The father of liberalism, English philosopher John Locke once said, “We are like chameleons, we take our hue and the colour of our moral character, from those who are around us”.
Locke is among the most important political philosophers of the modern era. His insight into the thorny issue of influence remains as important today as it was during his lifetime.
Influence and interference have been core principles of the communist movement since inception. Communism thrives on subversive tactics to draw in the masses. One such tactic involves their mobilization of the so-called “United Front Work Department” (or United Front).
In contemporary political language, the United Front represents a group of likeminded persons who have objectives consistent with the aims of the Communist Party and who are ultimately subservient to their control.
The roots of the movement date back to the practices adopted by the Bolsheviks during the 1917 Russian Revolution.
The Chinese Communist Party has long used agents including groups such as the United Front, the Central Propaganda Department and numerous worldwide community associations for “friendship” to underwrite their influence across the globe.
The CCP uses this mechanism to allow them to gain organized support and to provide a screen behind which its members can operate to assert influence.
There are now an estimated 45 million Chinese people living overseas. The United Front strives to dissuade those people from supporting persecuted groups such as the Uighurs and the Falun Gong, to reduce the impact of the Taiwanese democratic model and to promote the CCP’s expansionist agenda.
The United Front operates under diplomatic camouflage by working with the Chinese community, supporting student associations, and sponsoring Chinese cultural activities.
The United Front assists the CCP to enact their strategy of targeting foreign elites and the business community, to assist them to promote China’s agenda within their own political systems.
Under President Xi Jinping, the United Front has doubled down on its efforts to utilise the Chinese diaspora as agents of Chinese foreign policy and co–opt foreigners to support the CCP’s foreign policy goals including the so-called “Belt and Road Initiative”.

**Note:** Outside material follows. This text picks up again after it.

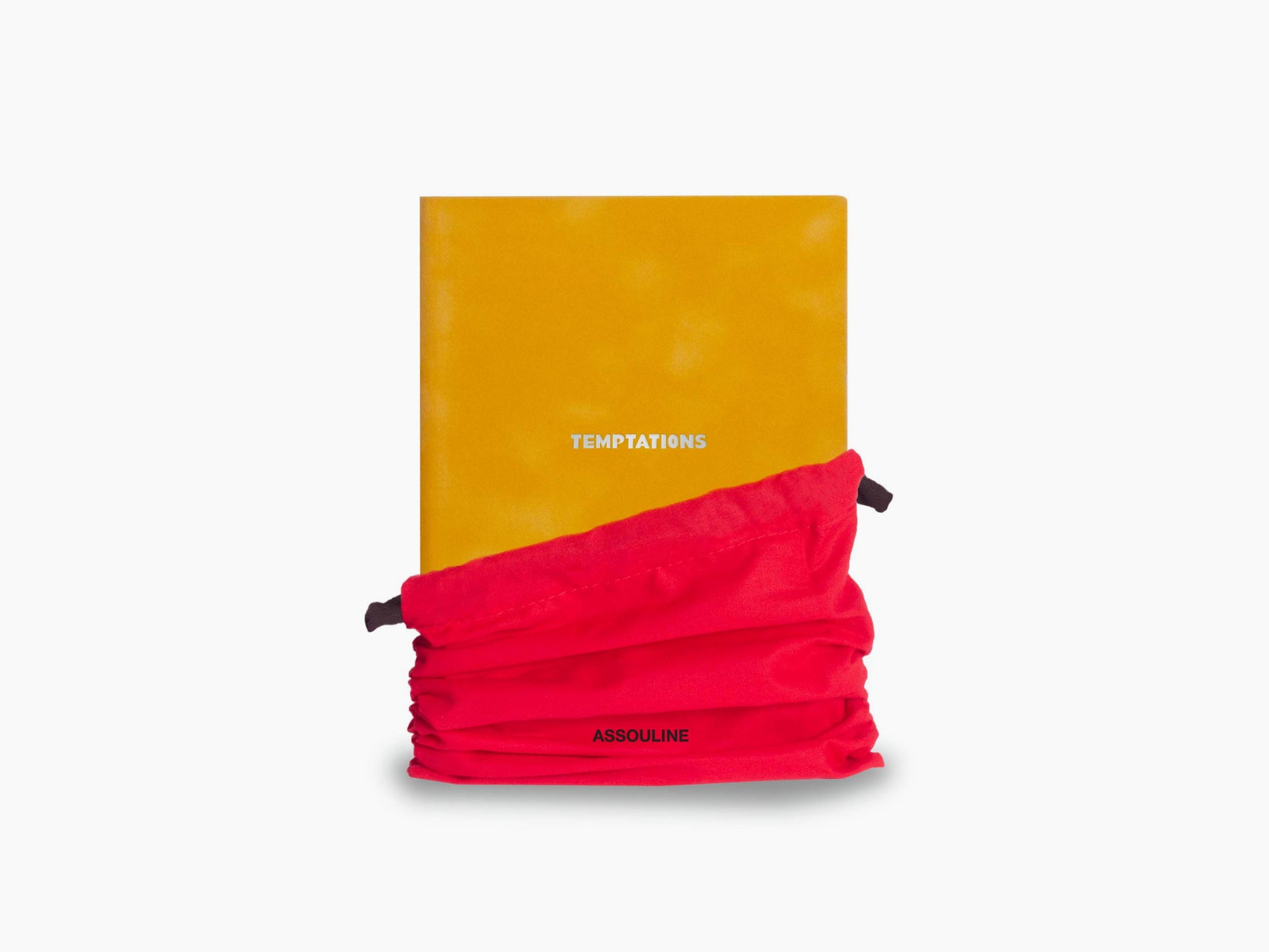 Open orange Temptations notebook with a red elastic closure and lined pages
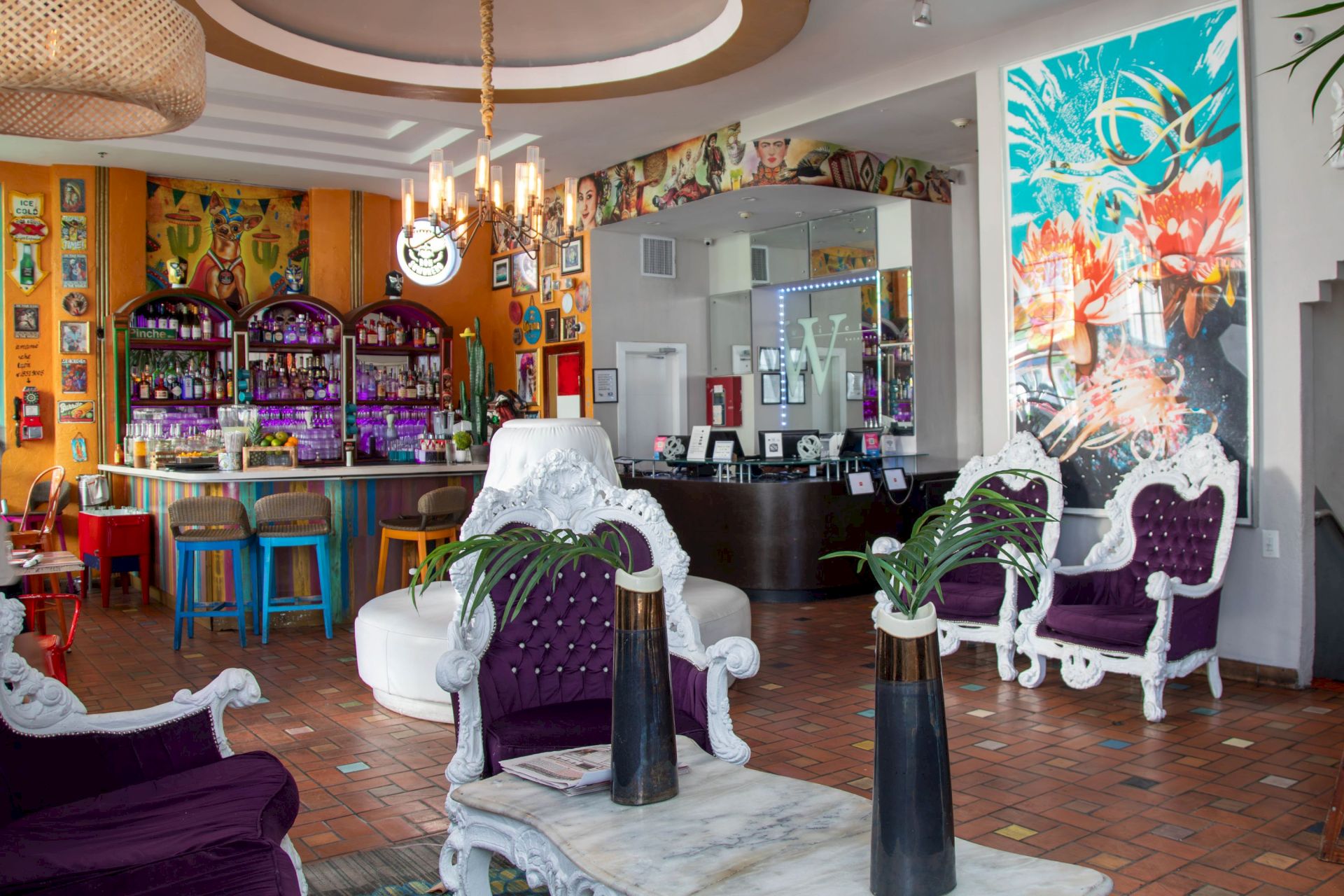 A colorful, retro-style cafe or lounge with vibrant purple chairs, white ornate furniture, tropical wall art, a bar area, and plants, creating a lively, eclectic vibe.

My home state of South Australia is far from immune from this scourge. It is home to the defence sector in this country. Make no mistake, the United Front walks among us and seeks to pierce our corporations and institutions. So how do we protect our democracy and our values?
The CCP reacts to threats to their ambitions in a bellicose manner, consequently, unity of purpose among Western countries means pushing back against the shadowy domestic operations of the United Front.
Those in government, academia and business circles need to be properly informed and aware of the United Front’s activities.
Transparency is also critical. Members of Parliament declare gifts and their income, so why should the same not apply to academics?
People also need to be able to speak up without fear or favour when they perceive unwarranted interference in our values and interests. This is not McCarthyism. It is patriotism.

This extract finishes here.